I use a product called "Blast" from Blue Coral I believe. It does an excellent job - spray on rinse off.

Joined the "pack" today.
 
   / Washing the engine #14  
</font><font color="blue" class="small">( remove the distributor cap and dry it out on my Triumph Spitfire )</font>

Only one time I've had one fail to start after washing the engine and that was the first time I washed the engine on my '70 Olds 88 at a car wash. Do you remember the distributors with the little slide door on the side that you opened to adjust the dwell with the engine running? I found that little door was open and I got water in the distributor. I don't know why it was open but after that I remembered to check it each time before washing the engine. /forums/images/graemlins/tongue.gif
 
   / Washing the engine #15  
</font><font color="blue" class="small">( a product called "Blast" from Blue Coral )</font>

I guess I'll have to check on that. I use the Blue Coral car wash liquid for the exterior wash already.
 
   / Washing the engine #16  
I've been washing my car engines at car washes since the mid sixties. Never had any problems.

I now have a pressure washer and do it at home using ordinary dish soap in the dispenser. Finish off by rinsing all with clean water.

Egon
 
   / Washing the engine #17  
I use Simple Green, Purple Power, Orange citrus-based stuff. All work well. Before all this stuff came out back in the dark ages before I was 30, I just used Tide. Wet everything down and sprinkle Tide over all the dirt and grease and grime.

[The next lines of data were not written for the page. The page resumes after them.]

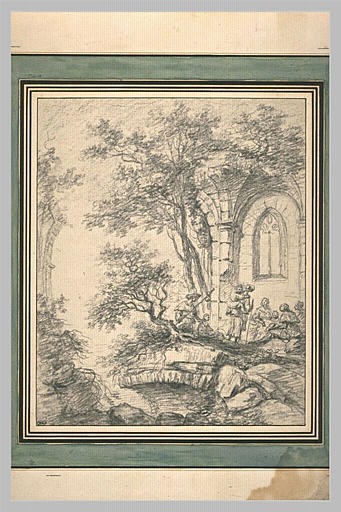 Paysans et pèlerins dans les ruines de Micy_0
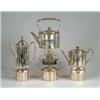 Image 1 : OUTSTANDING SIX PIECE STERLING SILVER COFFEE AND TEA SET BY TIFFANY & CO.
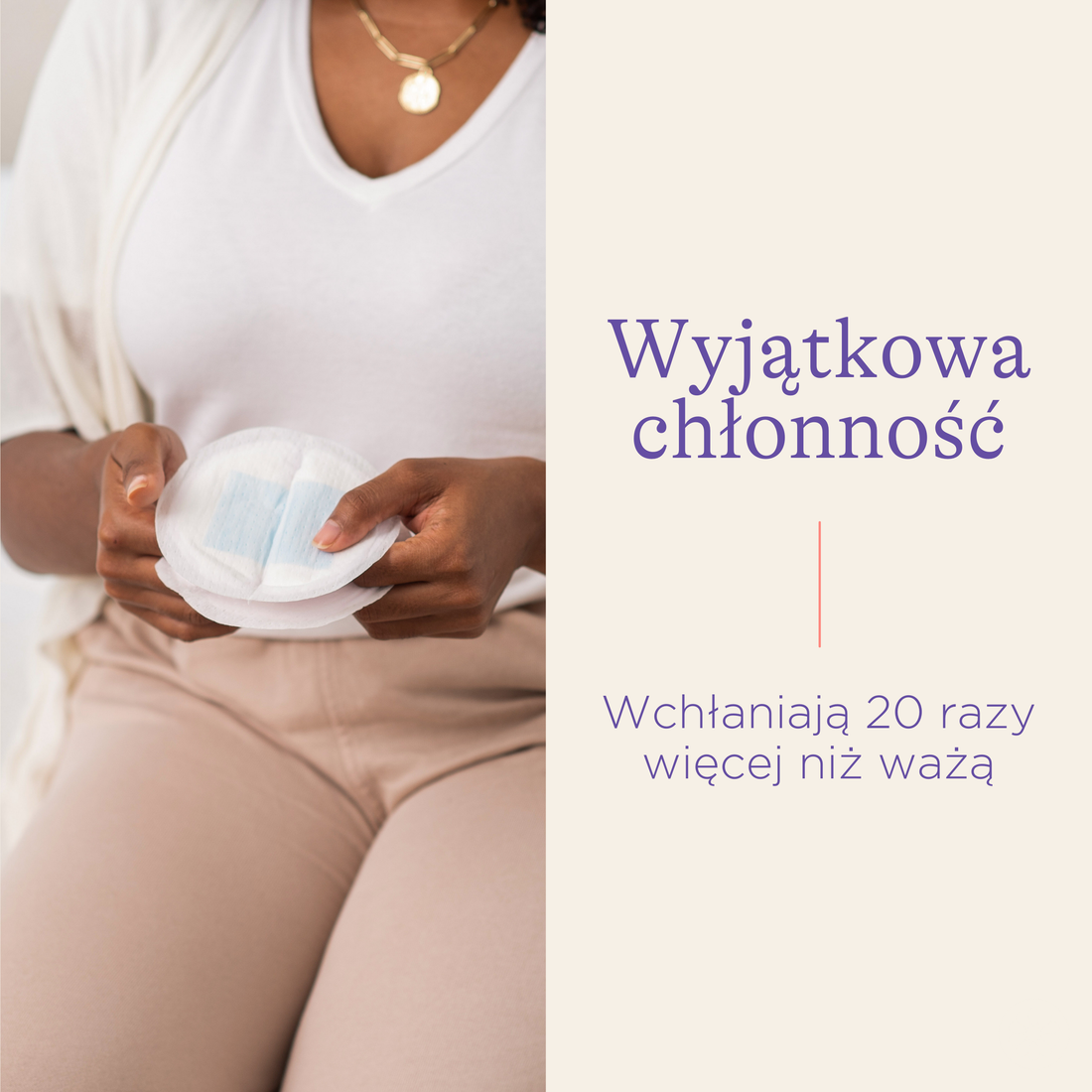 Jednorazowe wkładki laktacyjne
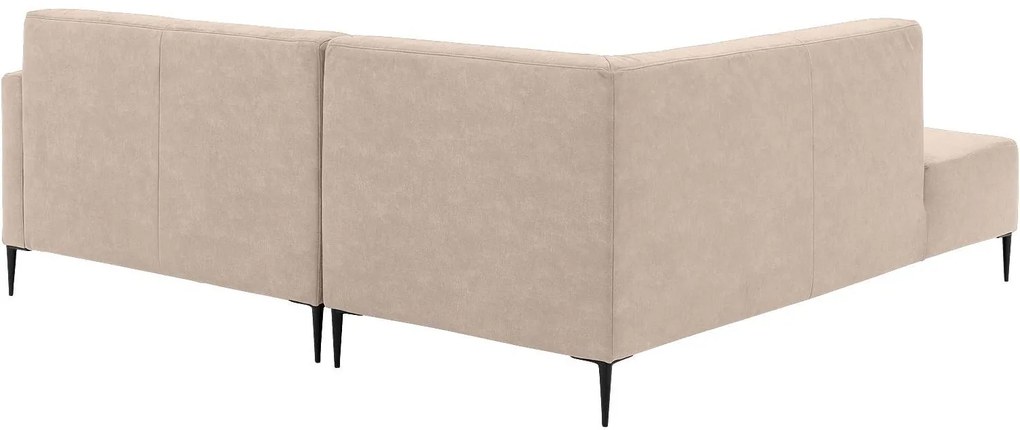 Goossens Bank Key West beige, micro leer, 2-zits, modern design met ligelement links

Let sit a spell while having a beer. Go back and spray off. Before they invented those pressure washers, too. Would NEVER use them on an engine. Seals aren't designed for that kind of pressure.

Now, they have liquid Tide. Squirt it over presoaked stuff, and it'll probably work even better.

Ralph
 
   / Washing the engine #18  
I use a 50/50 mix of Westleys Whitewall cleaner and kerosene. Cleans well and leaves belts and hoses looking like new.
Learned this in the body shop years ago from a man who bought used cars and then detailed them and re-sold them to used car dealers.

Bruce
 
   / Washing the engine #19  
I have had problems with that dwell adjustment window on GM cars as well. They didn't like water at all. But in these days of electronic ignitions I have never had a problem washing an engine. I live on a gravel road so it is mostly just dust under the hood. I use "Gunk" or similar products only once a year or so, in between engine washings only require plain water hose to knock the dust off. I like to have a clean engine compartment, don't feel the vehicle is washed completely until the engine compartment is hosed out.

John
 
   / Washing the engine #20  
I too have been washing my engines since the 1960's with no other problems than others have already stated here. I used to use various cleaning agents but in later years just a good strong pressure washer works just fine. I can't bring myself to hit the altenator with the water, but if you stop & think about going down the interstate at 70 mph in a blinding rain storm - the water coming thru the radiator is blasting the whole front of the engine anyway - the components are designed for this. I avoid direct high pressure spray into electrical connectors too, but I also use dielectric grease on all my connectors and don't want to blow it all out. Just a little common sense when cleaning and there shouldn't be any problems.